Rejection of the Deal
Elon Musk, the CEO of Tesla and the world’s richest man, announced the cancellation of a $44 billion bid to acquire Twitter.
Musk’s lawyer wrote to Twitter’s top legal officer that the firm had “materially violated numerous clauses of the merger agreement.” Musk has grounds to suspect that the actual numbers of bots and spammy Twitter accounts are much higher than the social network’s stated figure of “less than 5%.”
Due to this news, Twitter shares fell nearly 6% after the official close of the exchange session. At the same time, Tesla shares increased by almost 4%.
Twitter has filed a lawsuit against American businessman Elon Musk for his refusal to purchase the company. According to documents provided by Twitter representatives to the Delaware state court on Tuesday, July 12, the firm seeks to ensure that Musk satisfies the conditions of the acquisition agreement.
“Musk’s behavior reveals that he is attempting to avoid the binding contract he voluntarily signed and attempting to hurt Twitter in the process,” the lawsuit stated, according to AFP. “The defendant’s offenses have caused and will continue to cause irreparable injury to Twitter.”
The court will now have to consider if Musk may cancel the acquisition deal.
According to Reuters, a four-day trial session is being schedule for mid-September.
Why Musk Changed his Mind
Earlier, on July 8, Elon Musk, the world’s richest man, announced the termination of a contract to acquire Twitter. He pointed out that the corporation “significantly violated various merger agreement clauses.” Musk, in particular, argued that the actual number of fake and spammy Twitter accounts is far greater than the “less than 5%” stated by the social network.

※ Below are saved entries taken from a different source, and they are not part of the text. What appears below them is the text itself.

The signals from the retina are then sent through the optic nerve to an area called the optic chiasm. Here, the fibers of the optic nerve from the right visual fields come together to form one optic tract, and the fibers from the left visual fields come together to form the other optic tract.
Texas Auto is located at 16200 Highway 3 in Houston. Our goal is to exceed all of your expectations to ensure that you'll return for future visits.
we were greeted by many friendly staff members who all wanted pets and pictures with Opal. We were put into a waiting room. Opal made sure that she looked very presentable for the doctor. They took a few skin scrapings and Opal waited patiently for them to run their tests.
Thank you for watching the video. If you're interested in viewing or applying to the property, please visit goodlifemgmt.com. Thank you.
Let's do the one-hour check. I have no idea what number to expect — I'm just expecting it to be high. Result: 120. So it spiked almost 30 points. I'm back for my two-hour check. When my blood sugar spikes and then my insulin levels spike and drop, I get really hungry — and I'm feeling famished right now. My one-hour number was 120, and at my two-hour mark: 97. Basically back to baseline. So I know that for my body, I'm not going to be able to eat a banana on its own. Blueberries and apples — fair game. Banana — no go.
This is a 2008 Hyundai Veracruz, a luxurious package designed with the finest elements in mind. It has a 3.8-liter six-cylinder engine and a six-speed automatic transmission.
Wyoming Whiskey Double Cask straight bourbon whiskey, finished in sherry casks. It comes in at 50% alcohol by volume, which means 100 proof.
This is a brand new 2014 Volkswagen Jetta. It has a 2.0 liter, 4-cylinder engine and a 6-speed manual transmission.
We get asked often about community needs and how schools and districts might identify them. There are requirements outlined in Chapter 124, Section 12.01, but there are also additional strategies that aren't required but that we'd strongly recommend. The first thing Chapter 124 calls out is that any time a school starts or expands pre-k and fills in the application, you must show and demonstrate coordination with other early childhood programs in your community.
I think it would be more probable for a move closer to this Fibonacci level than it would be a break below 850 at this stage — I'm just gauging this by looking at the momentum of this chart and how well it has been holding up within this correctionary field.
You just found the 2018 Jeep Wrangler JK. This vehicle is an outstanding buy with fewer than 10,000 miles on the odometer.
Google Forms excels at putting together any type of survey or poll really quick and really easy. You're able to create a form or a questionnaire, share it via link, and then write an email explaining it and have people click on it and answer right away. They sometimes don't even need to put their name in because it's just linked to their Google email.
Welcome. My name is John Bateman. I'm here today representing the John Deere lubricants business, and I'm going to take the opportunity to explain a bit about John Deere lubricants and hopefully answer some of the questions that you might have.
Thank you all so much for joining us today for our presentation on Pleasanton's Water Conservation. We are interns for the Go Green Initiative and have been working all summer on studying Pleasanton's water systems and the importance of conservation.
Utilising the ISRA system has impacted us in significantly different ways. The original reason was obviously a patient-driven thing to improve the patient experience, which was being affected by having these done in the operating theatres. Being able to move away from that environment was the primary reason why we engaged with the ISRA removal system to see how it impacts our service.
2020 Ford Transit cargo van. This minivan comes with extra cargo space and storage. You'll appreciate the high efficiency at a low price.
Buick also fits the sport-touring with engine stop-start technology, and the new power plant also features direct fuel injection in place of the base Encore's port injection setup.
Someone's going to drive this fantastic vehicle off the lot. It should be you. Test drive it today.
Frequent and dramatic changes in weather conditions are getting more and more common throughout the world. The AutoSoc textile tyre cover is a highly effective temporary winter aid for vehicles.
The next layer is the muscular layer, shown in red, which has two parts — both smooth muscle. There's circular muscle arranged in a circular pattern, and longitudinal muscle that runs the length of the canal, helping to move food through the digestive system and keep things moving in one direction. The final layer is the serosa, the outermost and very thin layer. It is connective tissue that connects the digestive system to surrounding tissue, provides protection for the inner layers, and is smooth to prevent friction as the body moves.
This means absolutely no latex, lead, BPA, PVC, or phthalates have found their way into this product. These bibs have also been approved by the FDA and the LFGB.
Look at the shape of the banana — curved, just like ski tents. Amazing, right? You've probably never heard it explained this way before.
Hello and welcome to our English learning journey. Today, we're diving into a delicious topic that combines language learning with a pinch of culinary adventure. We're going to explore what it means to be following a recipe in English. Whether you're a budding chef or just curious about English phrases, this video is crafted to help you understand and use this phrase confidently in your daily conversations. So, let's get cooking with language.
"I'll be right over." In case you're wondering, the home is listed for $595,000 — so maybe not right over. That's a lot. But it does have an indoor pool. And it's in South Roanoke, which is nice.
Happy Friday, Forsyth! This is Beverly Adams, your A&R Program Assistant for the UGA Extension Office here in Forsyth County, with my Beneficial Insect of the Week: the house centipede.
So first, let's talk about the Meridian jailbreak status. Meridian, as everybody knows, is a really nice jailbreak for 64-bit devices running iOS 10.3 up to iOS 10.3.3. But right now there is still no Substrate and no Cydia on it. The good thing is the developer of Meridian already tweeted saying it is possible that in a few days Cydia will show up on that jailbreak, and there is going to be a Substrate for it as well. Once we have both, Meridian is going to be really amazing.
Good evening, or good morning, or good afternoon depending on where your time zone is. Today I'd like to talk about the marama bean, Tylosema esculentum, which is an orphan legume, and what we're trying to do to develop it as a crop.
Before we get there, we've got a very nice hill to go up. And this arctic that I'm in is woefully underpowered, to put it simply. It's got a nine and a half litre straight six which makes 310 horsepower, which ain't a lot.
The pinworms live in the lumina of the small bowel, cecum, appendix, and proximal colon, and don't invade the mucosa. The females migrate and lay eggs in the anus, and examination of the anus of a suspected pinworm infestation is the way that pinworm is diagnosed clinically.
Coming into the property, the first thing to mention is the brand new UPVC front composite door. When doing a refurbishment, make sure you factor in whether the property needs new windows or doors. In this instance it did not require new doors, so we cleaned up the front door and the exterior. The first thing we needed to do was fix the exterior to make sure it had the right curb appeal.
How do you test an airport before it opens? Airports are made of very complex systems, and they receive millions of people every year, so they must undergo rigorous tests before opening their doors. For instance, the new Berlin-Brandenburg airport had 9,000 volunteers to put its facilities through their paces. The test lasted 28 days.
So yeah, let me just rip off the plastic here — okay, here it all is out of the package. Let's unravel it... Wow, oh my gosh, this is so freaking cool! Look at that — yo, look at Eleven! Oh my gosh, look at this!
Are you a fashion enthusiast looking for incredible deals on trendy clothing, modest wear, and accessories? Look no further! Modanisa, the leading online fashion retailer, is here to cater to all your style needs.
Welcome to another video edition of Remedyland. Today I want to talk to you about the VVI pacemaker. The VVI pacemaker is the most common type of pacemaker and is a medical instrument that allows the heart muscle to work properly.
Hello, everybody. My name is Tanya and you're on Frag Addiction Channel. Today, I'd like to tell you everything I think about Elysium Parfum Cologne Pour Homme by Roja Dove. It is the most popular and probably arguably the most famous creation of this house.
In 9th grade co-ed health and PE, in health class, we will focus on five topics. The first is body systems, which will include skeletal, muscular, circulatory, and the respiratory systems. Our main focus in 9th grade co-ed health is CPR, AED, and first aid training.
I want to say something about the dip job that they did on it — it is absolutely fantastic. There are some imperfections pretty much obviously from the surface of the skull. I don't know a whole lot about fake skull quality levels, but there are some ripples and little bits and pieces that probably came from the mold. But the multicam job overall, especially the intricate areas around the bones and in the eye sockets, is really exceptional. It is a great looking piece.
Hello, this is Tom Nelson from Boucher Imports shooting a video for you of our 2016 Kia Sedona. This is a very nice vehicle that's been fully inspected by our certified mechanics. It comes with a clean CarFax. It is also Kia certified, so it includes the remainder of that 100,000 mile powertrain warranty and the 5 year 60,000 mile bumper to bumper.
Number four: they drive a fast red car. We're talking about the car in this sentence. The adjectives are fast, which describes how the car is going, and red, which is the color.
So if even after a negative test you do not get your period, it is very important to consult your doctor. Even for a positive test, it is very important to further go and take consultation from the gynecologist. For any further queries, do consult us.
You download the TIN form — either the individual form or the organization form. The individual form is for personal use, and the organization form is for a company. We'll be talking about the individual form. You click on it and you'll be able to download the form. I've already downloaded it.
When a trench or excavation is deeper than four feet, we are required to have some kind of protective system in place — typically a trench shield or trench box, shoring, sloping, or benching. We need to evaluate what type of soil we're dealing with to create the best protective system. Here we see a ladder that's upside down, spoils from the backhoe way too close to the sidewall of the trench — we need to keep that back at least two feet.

At the beginning of the contract signing, financial analysts saw something was wrong. Elon would have been unlikely to buy Twitter. After all, the company’s market value, estimated at $ 28 billion, is far lower than Musk’s offer of $44 billion.
On July 8, Twitter chairman Bret Taylor stated that the firm still expects to close the purchase “at a price and parameters agreed upon with Musk” and intends to take legal action to enforce the merger agreement. Taylor tweeted, “We are optimistic we will win in Delaware Chancery Court.”
Musk took to his Twitter account to respond to the announcement by posting a sarcastic meme.
So far, there is no conclusion to the story. It is unclear who will pay the fine and win the trial. Nevertheless, both parties may be accused of not being honest right from the onset but let’s see what the court has to say. We’ll update you thereafter.